Google has announced a change to its user consent policy which will affect website publishers using Google products and services, including Google AdSense, DoubleClick for Publishers and DoubleClick Ad Exchange, as well as whose sites or apps have visitors arriving from the European Union. Under the new policy, publishers will have to obtain EU end users’ consent before storing or accessing their data, says Google.
The change, which is in direct response to the EU’s cookie compliance regulations, follows the arrival of the Google-published website called CookieChoices, spotted earlier this month. That site was launched with the intention of helping digital publishers obtain tools and access other resources that will aid in their obligations to obtain user consent, Google noted at the time.
These tools include code that website publishers can use to inform visitors about their cookies, as well as those that can be used to directly obtain consent, like splash screens, notification bars, or one-time, pop-up alerts that can be used on mobile apps.
Says Jason Woloz, Google’s Security & Privacy Program Manager, Display and Video Ads, in a brief announcement posted today, “it has always been Google’s policy to comply with privacy laws, so we’ve agreed to make certain changes affecting our own products and partners using Google products.”
EU regulators have pushed for years for a variety of user protections when it comes to how web users’ data and information is tracked and made available online. One of its more-discussed rulings in recent months is related to the so-called “Right to be forgotten,” which legally requires that search engines like Google process individuals’ requests for the delisting of inaccurate, outdated and irrelevant data.
Meanwhile, the EU has had regulations related to cookie-related data collection for quite some time. But what’s notable is that Google is applying this to its own services, while also challenging publishers to comply with the updated policy by a September 30th, 2015 deadline, according to an email sent out about the change. In addition, this policy will also affect those with iOS or Android applications who will have to show a message to app users upon first launch.
While before, the EU’s cookie policy has been common for those sites based in the EU, Google’s policy change will affect a number of publishers, as any site on the web could potentially have EU-based traffic.
The effectiveness of cookie-related user consent notifications is questionable, however. According to a late 2014 study on the matter, the EU’s cookie-notification policy has cost billions of euros per year in terms of compliance costs for websites, but has offered few benefits to web users. That is to say, the implementations thus far have not changed user behavior, the report found.
Unfortunately, Google can’t offer a consent message that publishers can use, because a website or app’s consent message should say “will largely depend on your own uses of cookies and other information, and the third party services you work with,” says Google. But it does offer pointers on the Cookie Choices website to help publishers get started.
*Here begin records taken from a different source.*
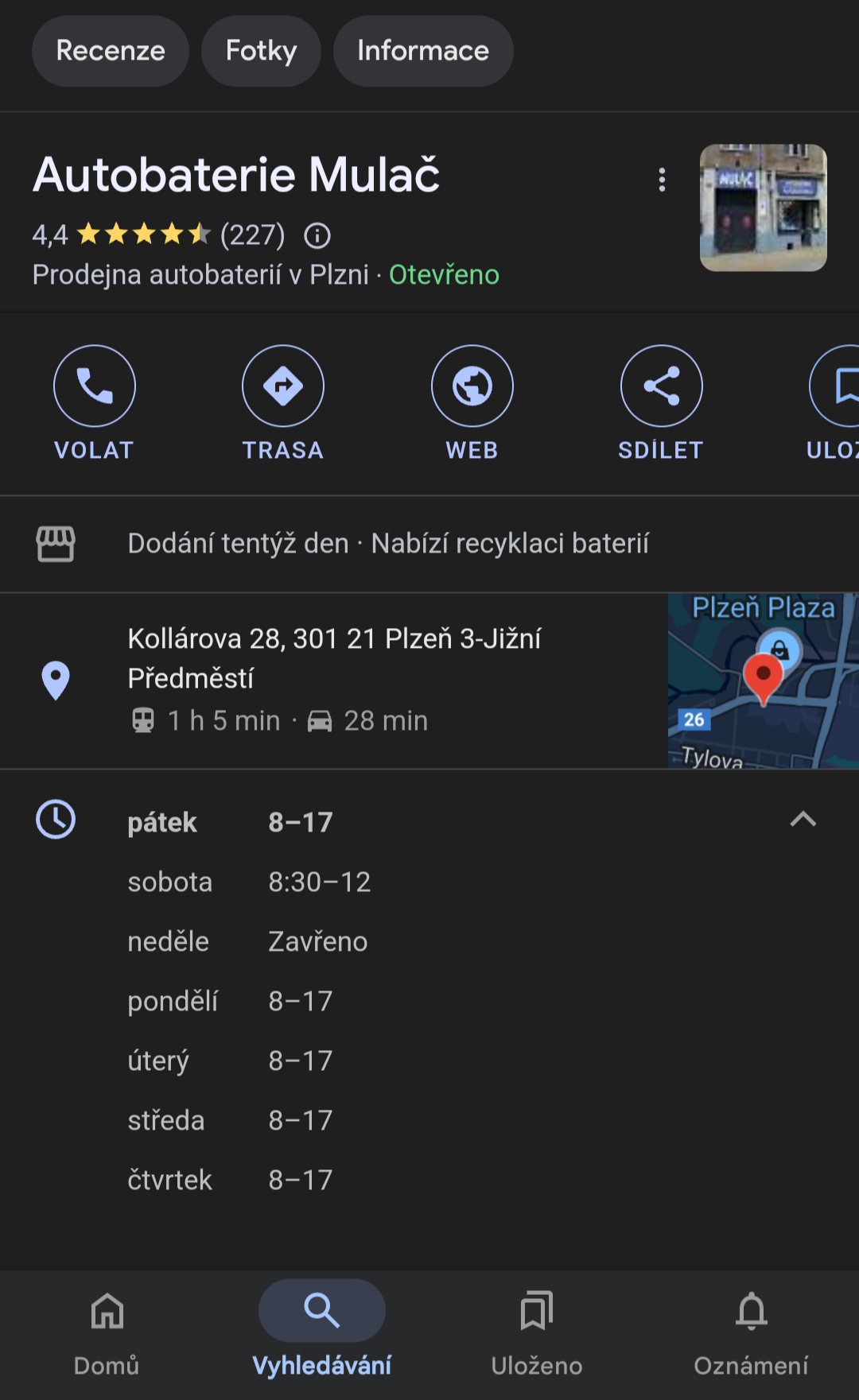 AUTOBATERIE MULAČ foto 5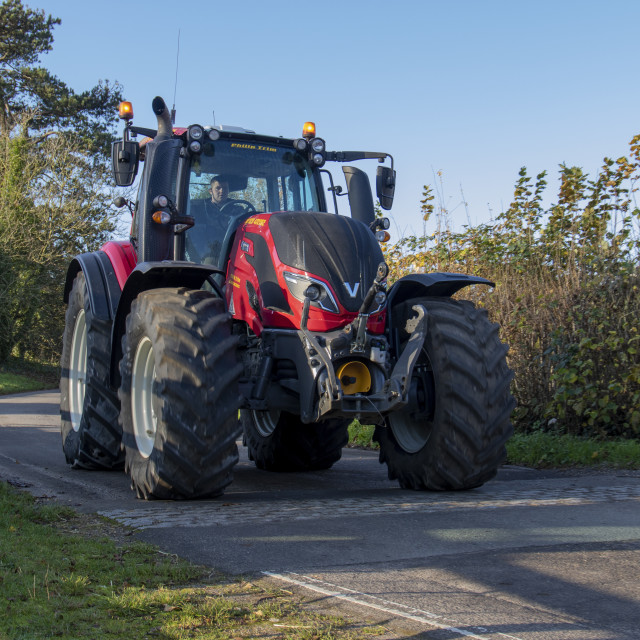 "KMC Tractor Run 2019" by Dorset Rural Photography - £5.00 "KMC Tractor Run 2019" stock image
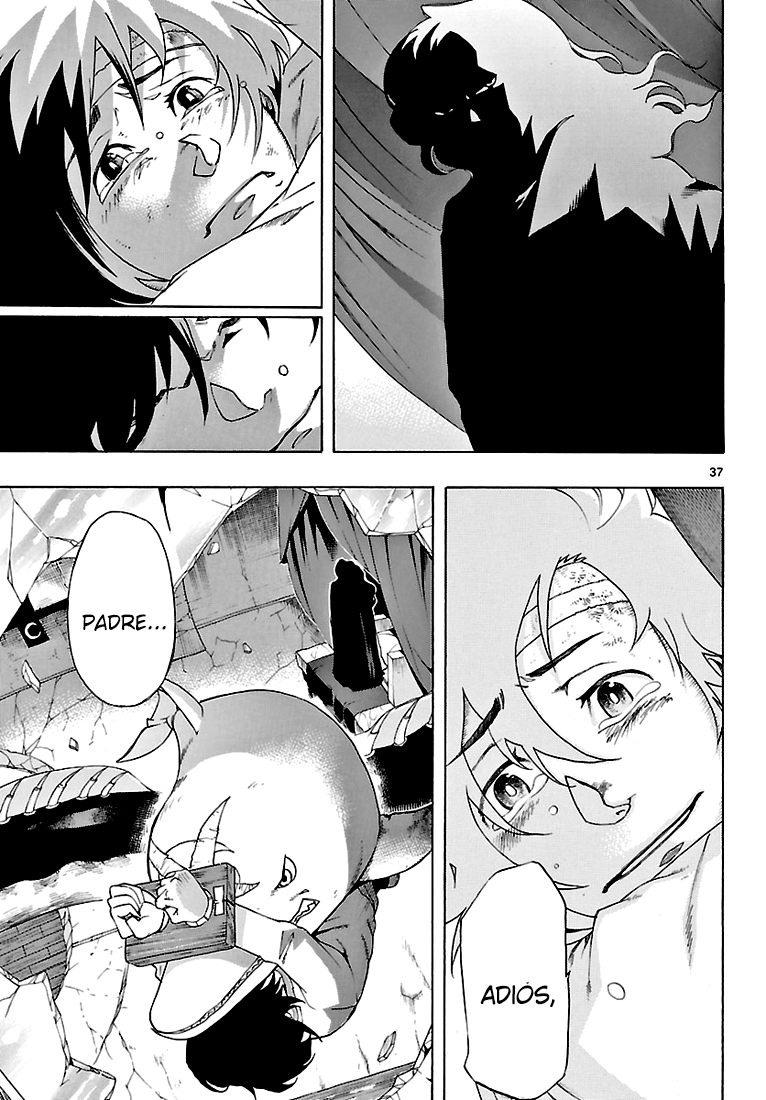 Seiketsu no Haguruma Padre, Juicio y Despedida 第38页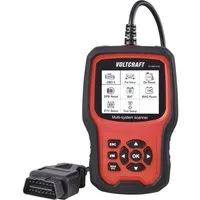 VOLTCRAFT OBD2-Diagnosegerät VOLTCRAFT VC-OBD-9710 OBD II Diagnosetool VC-14616100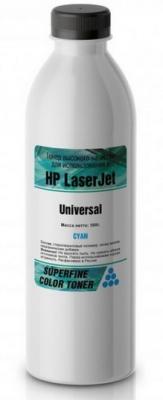 Тонер HP Color LJ Universal бутылка 500 гр Cyan SuperFine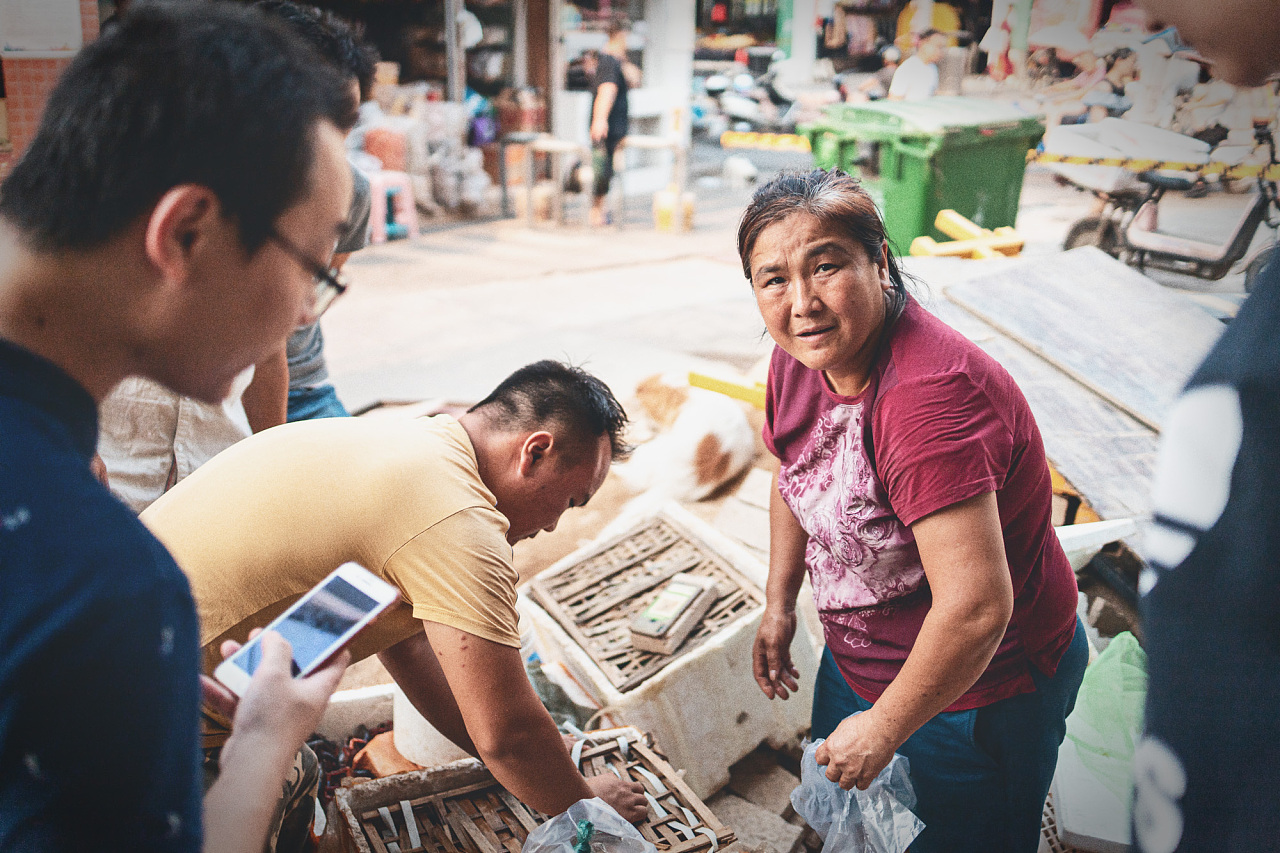 【摄影】菜市场&小镇街头
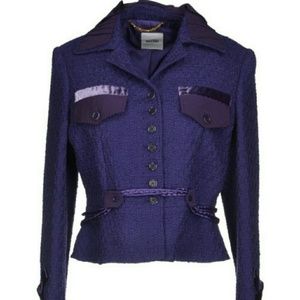 Moschino Purple Blazer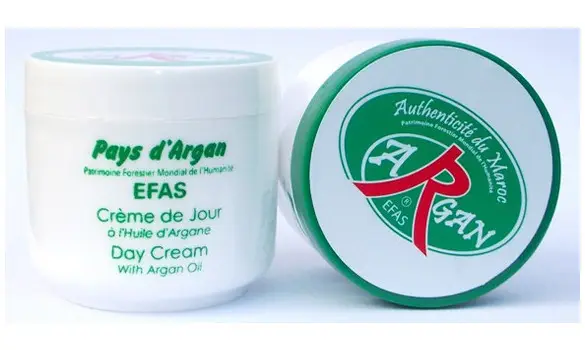Crème jour à l'huile d'Argan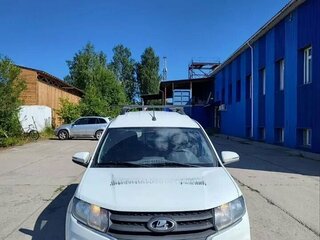 2022 Lada (ВАЗ) Largus I Рестайлинг, белый, 1100000 рублей, вид 2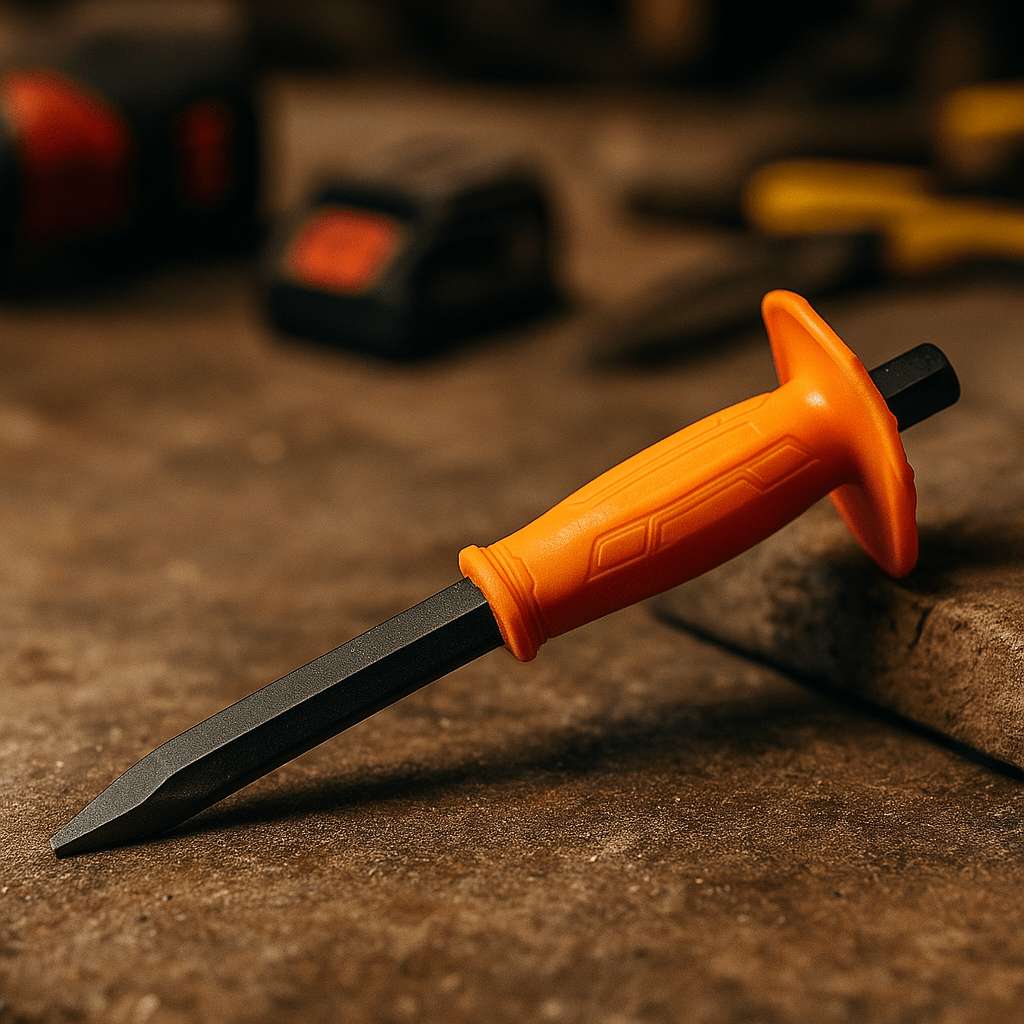 Punto con mango protector 4x16x250mm Wokin2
Google’s post also points to other resources beyond Cookie Choices, including a Help Center FAQ which details the answers to questions publishers may have, like which products are impacted, how to tell if a current policy is compliant, how the changes affect mobile websites, and more.
Here, Google also explains that the Article 29 Working Party, an umbrella body that comprises representatives of all EU data protection authorities, requested that changes were made to how site publishers request consent from end users. Google says it understands “these principles will be applied across the industry,” which is why it’s rolling out the change now.